SUPPLIED RECORDS:
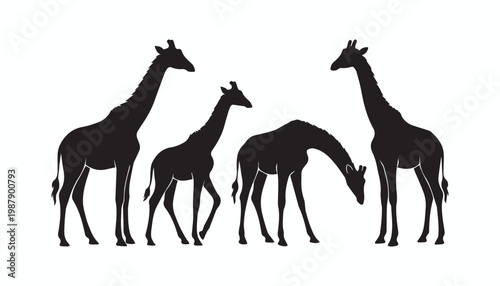 black and white silhouette set of giraffe very high quality vector illustration.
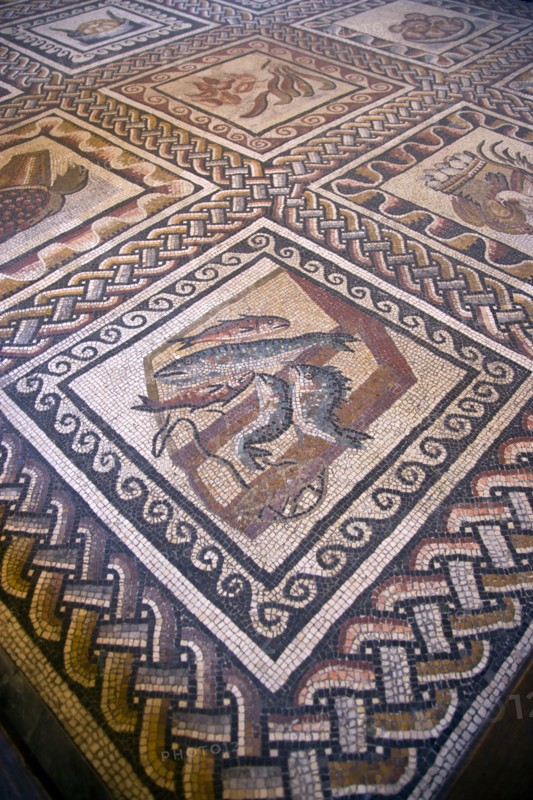 ITALY, Lazio, Rome, Vatican City Museums Detail of a Roman mosaic on the floor of the Room of Animals in the Belvedere Palace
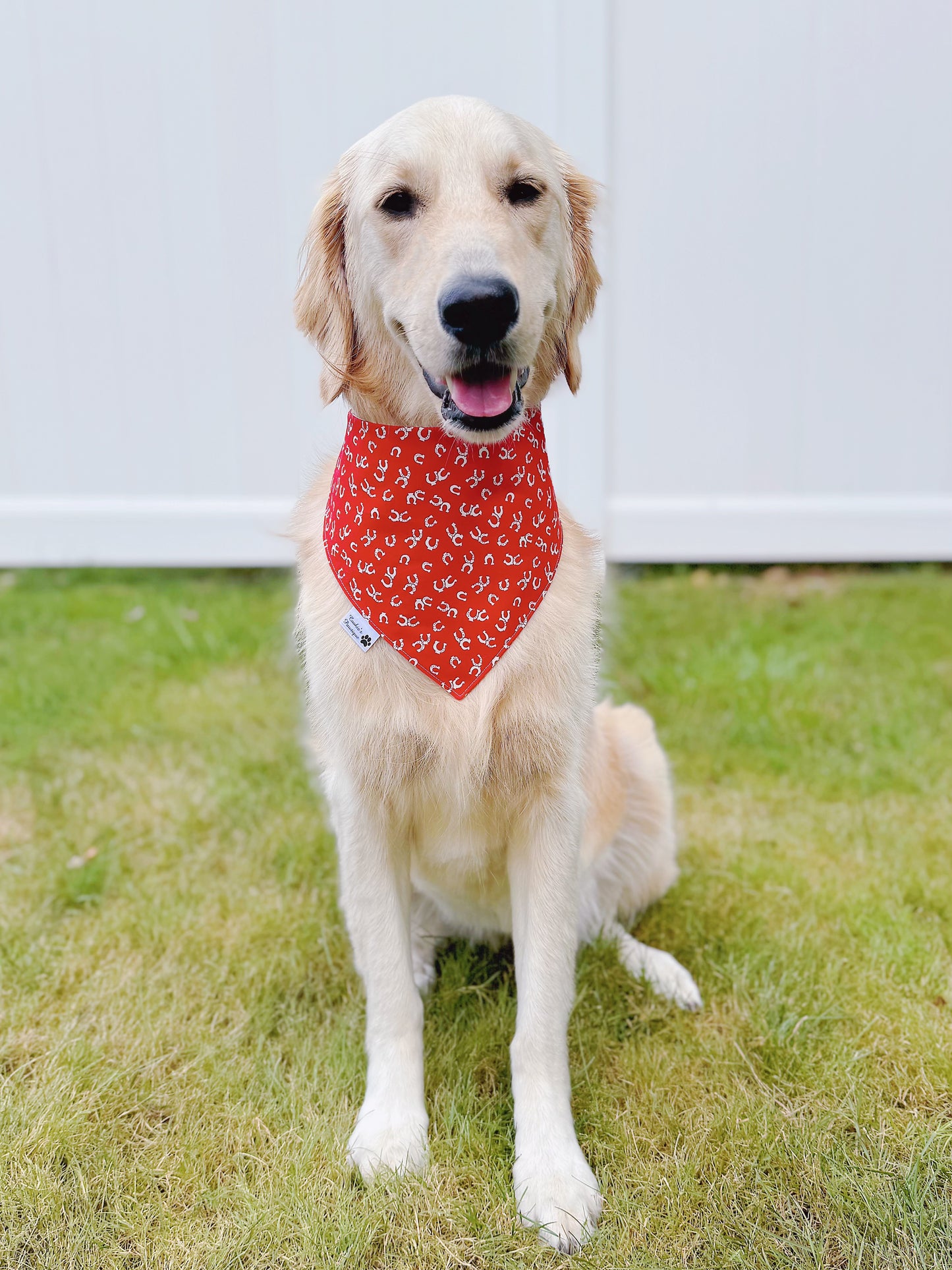 Western Boots And Horseshoes Bandana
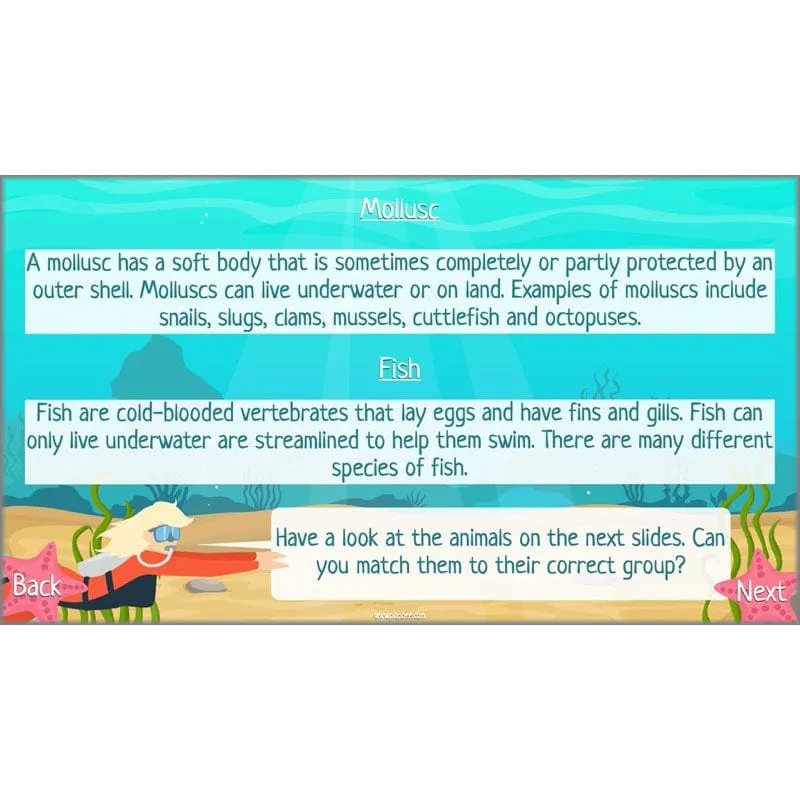 Under the Sea Topic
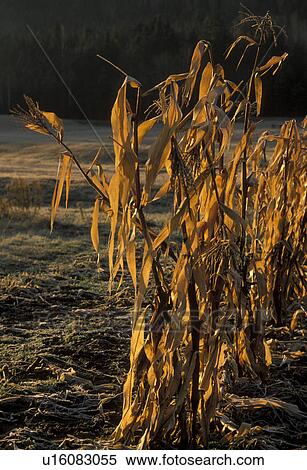 cornstalk, frost, Baxter State Park, Maine, Morning frost on a cornfield in Baxter State Park. View Large Photo Image Stock Photography - cornstalk, frost, Baxter State Park, Maine, Morning frost on a cornfield in Baxter State Park. . Fotosearch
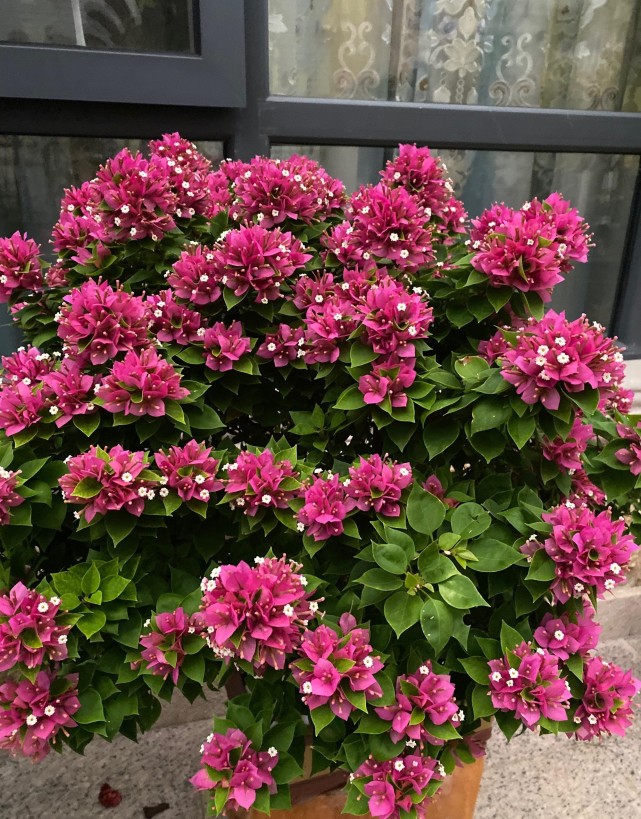 阳台养三角梅,就选"塔紫,植株低矮,叶绿花美,三季有花看!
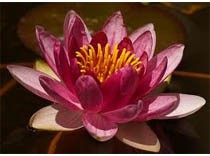 Nymphaea Charles de Meurville 3L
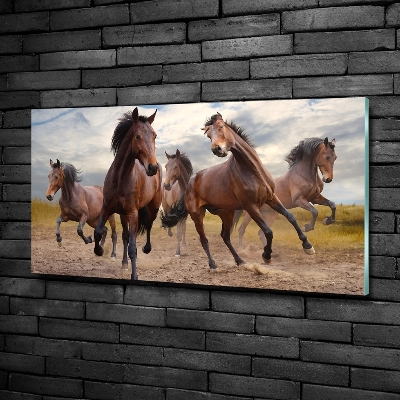 Bild auf glas Fünf Pferde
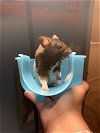adoptable Hamster in aurora, IL named Boone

WHAT IS EXPECTED: Write the entries out again word for word. Omit all pictures from them.

WRITTEN REPLY:
 black and white silhouette set of giraffe very high quality vector illustration.
 ITALY, Lazio, Rome, Vatican City Museums Detail of a Roman mosaic on the floor of the Room of Animals in the Belvedere Palace
 Western Boots And Horseshoes Bandana
 Under the Sea Topic
 cornstalk, frost, Baxter State Park, Maine, Morning frost on a cornfield in Baxter State Park. View Large Photo Image Stock Photography - cornstalk, frost, Baxter State Park, Maine, Morning frost on a cornfield in Baxter State Park. . Fotosearch
 阳台养三角梅,就选"塔紫,植株低矮,叶绿花美,三季有花看!
 Nymphaea Charles de Meurville 3L
 Bild auf glas Fünf Pferde
adoptable Hamster in aurora, IL named Boone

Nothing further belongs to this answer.